Benjamin of Tudela visited Trani in around 1159, following this visit he found 200 Jewish families living there. By the 12th century, Trani already housed one of the largest Jewish communities of Southern Italy, and was the birthplace of one of the greatest medieval rabbis of Italy: Rabbi Isaiah ben Mali di Trani (c. 1180-1250), a prolific and prominent commentator and halakhic authority. The great talmudist Rabbi Moses ben Joseph di Trani (1505–1585) was born in Thessaloniki, three years after his family had fled there from Trani due to antisemitic persecution.

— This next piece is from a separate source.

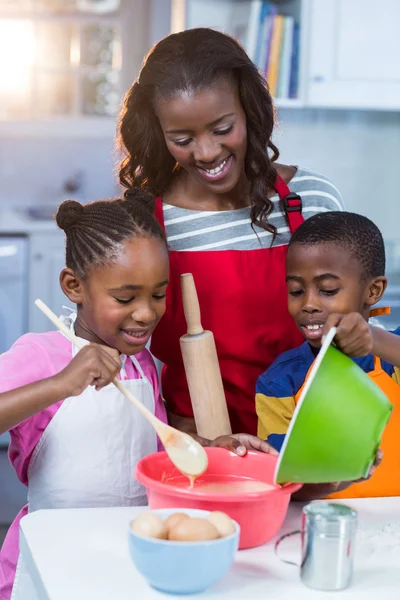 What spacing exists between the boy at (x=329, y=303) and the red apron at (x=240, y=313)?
4.9 inches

Trani entered a crisis under the Anjou and Aragonese rule (14th–16th centuries), as its Jewish component was persecuted under Dominican pressure. Under the House of Bourbon, however, Trani recovered a certain splendour, thanks to the generally improved condition of Southern Italy economy and the construction of several magnificent buildings. Trani was province capital until the Napoleonic age, when Joachim Murat deprived it of this status in favour of Bari. In 1799, moreover, the French troops provoked a massacre of Trani's population, as it had adhered to the Neapolitan Republic.

The Scolanova Synagogue survives and, after many centuries as a church, has been rededicated as a synagogue. The church of Sant'Anna is another medieval former synagogue which was deconsecrated and returned to the Jewish community in 2004.

==Geography==
Located by the Adriatic Coast, between Barletta and Bisceglie, Trani borders with the municipalities of Andria, Barletta, Bisceglie and Corato, in the Province of Bari.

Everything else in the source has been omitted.